Computer Vision and Machine Learning

Scalable Multitask Representation Learning for Scene Classification

  title = {Scalable Multitask Representation Learning for Scene Classification},
  author = {Maksim Lapin and Bernt Schiele and Matthias Hein},
  booktitle = {CVPR},
  year = {2014}

MTL-SDCA achieves state of the art on SUN397

In [1], we propose a multitask learning approach (MTL-SDCA) to jointly train a low-dimensional representation and the corresponding classifiers which scales to high-dimensional image descriptors, such as the Fisher Vector [2], and consistently outperforms the current (November 2013) state of the art on the SUN397 scene classification benchmark [3] with varying amounts of training data.

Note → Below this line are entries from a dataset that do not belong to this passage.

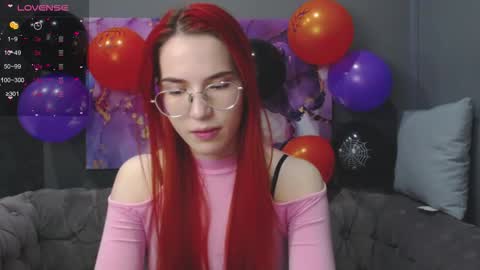 EmilyKents online show from 28, 10, 2025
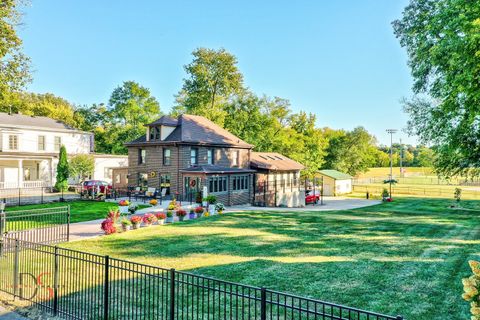 Tiny photo for 527 E Main Street, Ottawa, IL 61350 (MLS # 12494855)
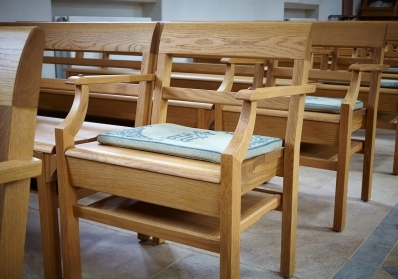 The Evolution and Importance of Church Chairs with Arms blog image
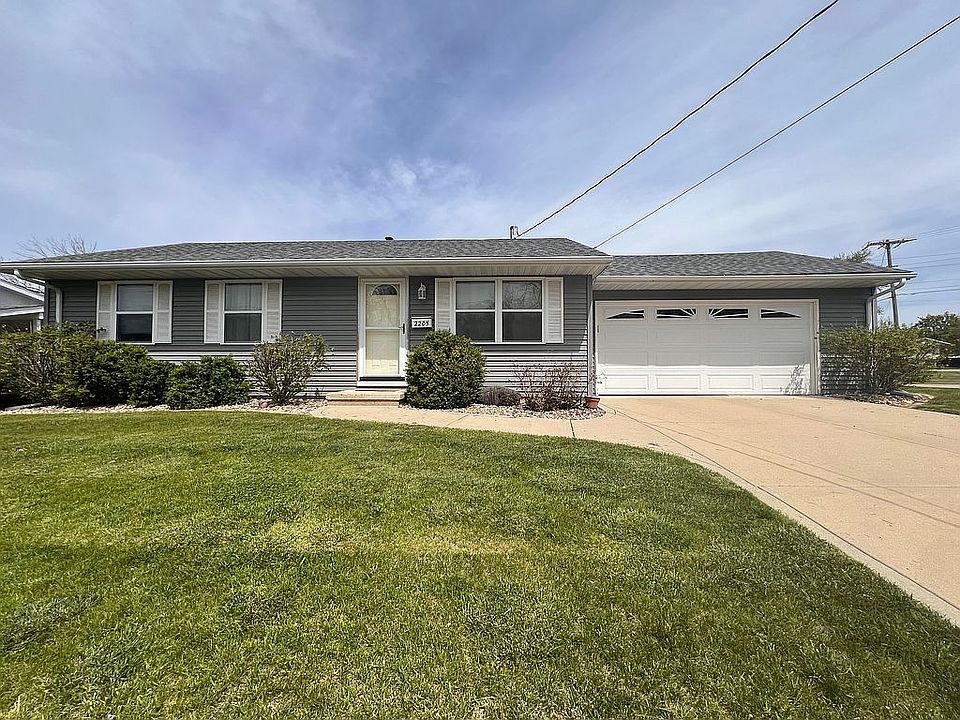1st image of 2205 W Kensington Dr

Consistent improvement over single task learning (STL)

The proposed method is evaluated on the SUN397 scene classification benchmark and consistently outperforms single task learning (STL) with and without color information, with varying amounts of training data and varying K when classification performance is measured via top-K accuracy.

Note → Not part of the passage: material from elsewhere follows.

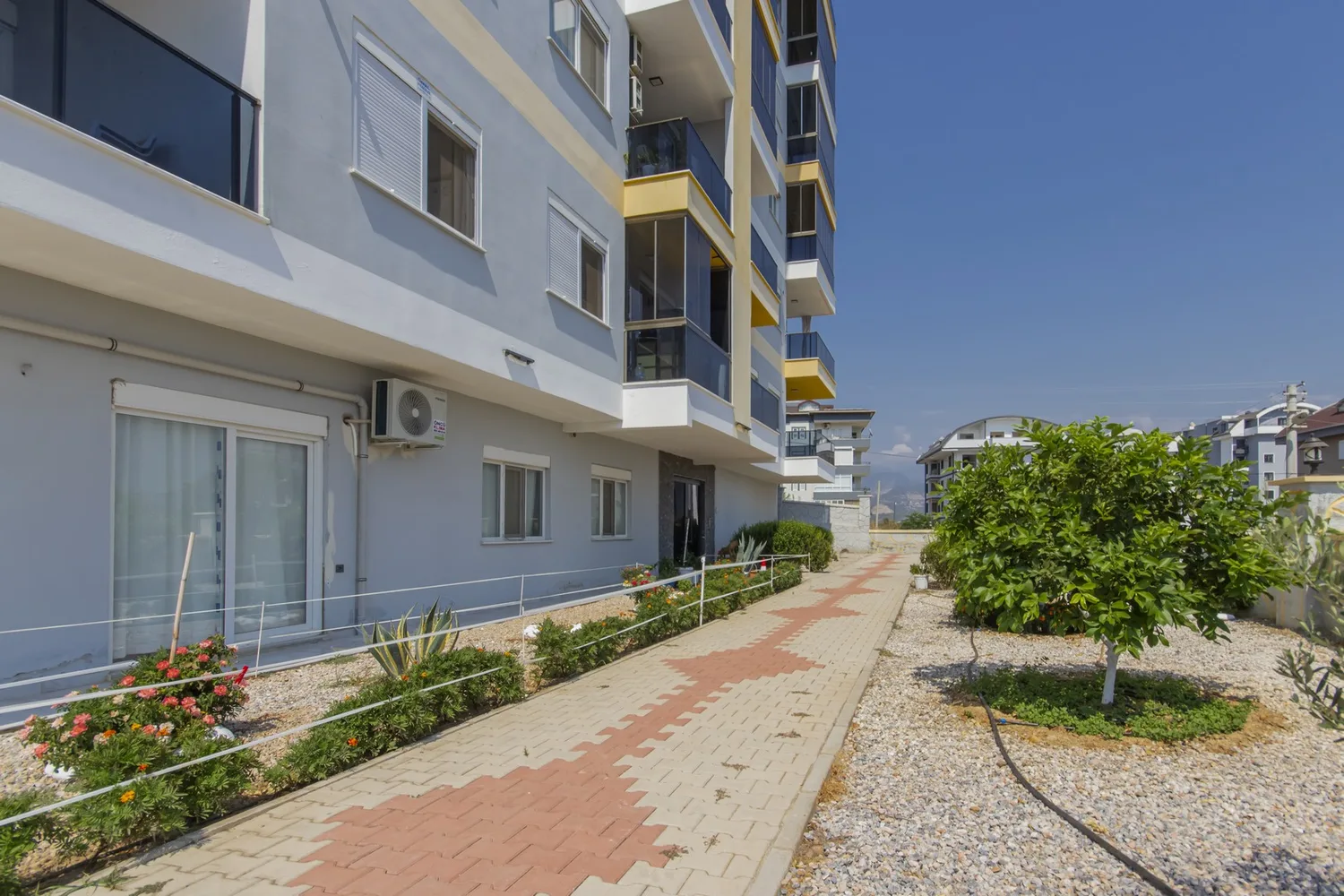 Yellow Residence Exterior - 31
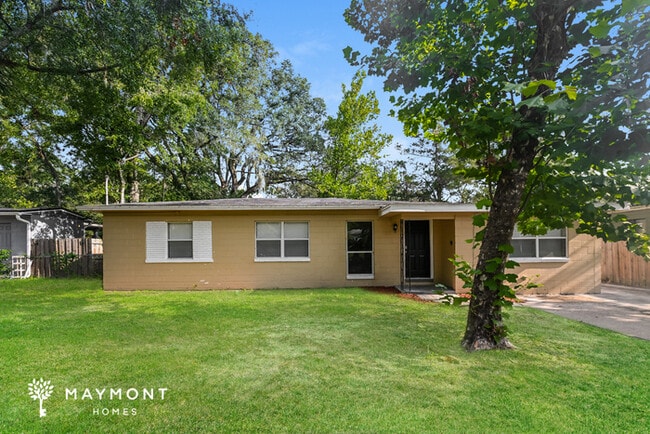 Building Photo - 6157 Cedar Hills Blvd Rental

More human-like confusions

We observed that there is a small tendency for the MTL-SDCA method to produce more human-like predictions. Figure 4 shows a hand-picked example where MTL-SDCA top-5 predictions show improvement over the single task (STL) ones. See the supplementary material for details.

Technical details

The proposed multitask representation learning method jointly learns a linear mapping into a lower dimensional subspace which is then used to build one-vs-all classifiers for each class. The resulting optimization problem is solved via an adaptation of the recently developed stochastic dual coordinate ascent (SDCA) algorithm [4]. For further details, please consult the paper and the supplementary material.


[1] M. Lapin, B. Schiele and M. Hein, Scalable Multitask Representation Learning for Scene Classification. CVPR 2014.

[2] J. Sánchez, F. Perronnin, T. Mensink and J. Verbeek, Image Classification with the Fisher Vector: Theory and Practice. International Journal of Computer Vision, 105:3 222-245, 2013.

[3] J. Xiao, J. Hays, K A. Ehinger, A. Oliva and A. Torralba, SUN Database: Large-Scale Scene Recognition from Abbey to Zoo. CVPR 2010, 3485-3492.

[4] S. Shalev-Shwartz and T. Zhang, Stochastic Dual Coordinate Ascent Methods for Regularized Loss Minimization. Journal of Machine Learning Research, 14: 567-599, 2013.